Below are the records; copy exactly the stretch from the line containing "Durdle Door on the Jurassic Coast Phone Case" through the line containing "The former head", both ends included, and nothing else.
<<<<
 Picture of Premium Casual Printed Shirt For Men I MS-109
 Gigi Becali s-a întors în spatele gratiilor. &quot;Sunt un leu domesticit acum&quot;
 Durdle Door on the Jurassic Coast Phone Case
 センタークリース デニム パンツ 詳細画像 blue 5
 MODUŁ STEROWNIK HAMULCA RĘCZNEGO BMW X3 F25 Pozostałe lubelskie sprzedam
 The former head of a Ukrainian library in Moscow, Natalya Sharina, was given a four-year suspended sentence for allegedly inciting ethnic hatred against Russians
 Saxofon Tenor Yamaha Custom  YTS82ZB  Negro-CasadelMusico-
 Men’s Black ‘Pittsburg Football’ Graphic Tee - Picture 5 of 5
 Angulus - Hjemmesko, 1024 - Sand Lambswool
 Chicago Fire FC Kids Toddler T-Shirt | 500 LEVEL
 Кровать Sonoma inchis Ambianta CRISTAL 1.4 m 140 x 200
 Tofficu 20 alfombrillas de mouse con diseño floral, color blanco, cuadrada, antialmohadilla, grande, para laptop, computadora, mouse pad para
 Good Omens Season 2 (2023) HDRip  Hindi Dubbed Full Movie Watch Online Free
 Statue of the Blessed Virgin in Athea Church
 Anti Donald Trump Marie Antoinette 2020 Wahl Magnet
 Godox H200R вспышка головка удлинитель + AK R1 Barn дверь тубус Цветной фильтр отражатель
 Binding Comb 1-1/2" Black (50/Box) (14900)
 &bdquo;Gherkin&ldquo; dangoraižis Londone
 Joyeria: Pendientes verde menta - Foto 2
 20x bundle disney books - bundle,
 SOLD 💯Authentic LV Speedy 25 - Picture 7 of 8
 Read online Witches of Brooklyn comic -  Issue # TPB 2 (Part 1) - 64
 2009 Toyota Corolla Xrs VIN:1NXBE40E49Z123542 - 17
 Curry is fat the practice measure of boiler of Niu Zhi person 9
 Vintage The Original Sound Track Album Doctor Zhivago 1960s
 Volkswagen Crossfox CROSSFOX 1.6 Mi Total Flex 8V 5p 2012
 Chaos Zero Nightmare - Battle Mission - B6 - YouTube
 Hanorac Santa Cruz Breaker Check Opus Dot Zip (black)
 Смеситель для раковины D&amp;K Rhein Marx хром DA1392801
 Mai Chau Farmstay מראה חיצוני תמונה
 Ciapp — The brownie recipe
>>>>
• _Solution_:
 Durdle Door on the Jurassic Coast Phone Case
 センタークリース デニム パンツ 詳細画像 blue 5
 MODUŁ STEROWNIK HAMULCA RĘCZNEGO BMW X3 F25 Pozostałe lubelskie sprzedam
 The former head of a Ukrainian library in Moscow, Natalya Sharina, was given a four-year suspended sentence for allegedly inciting ethnic hatred against Russians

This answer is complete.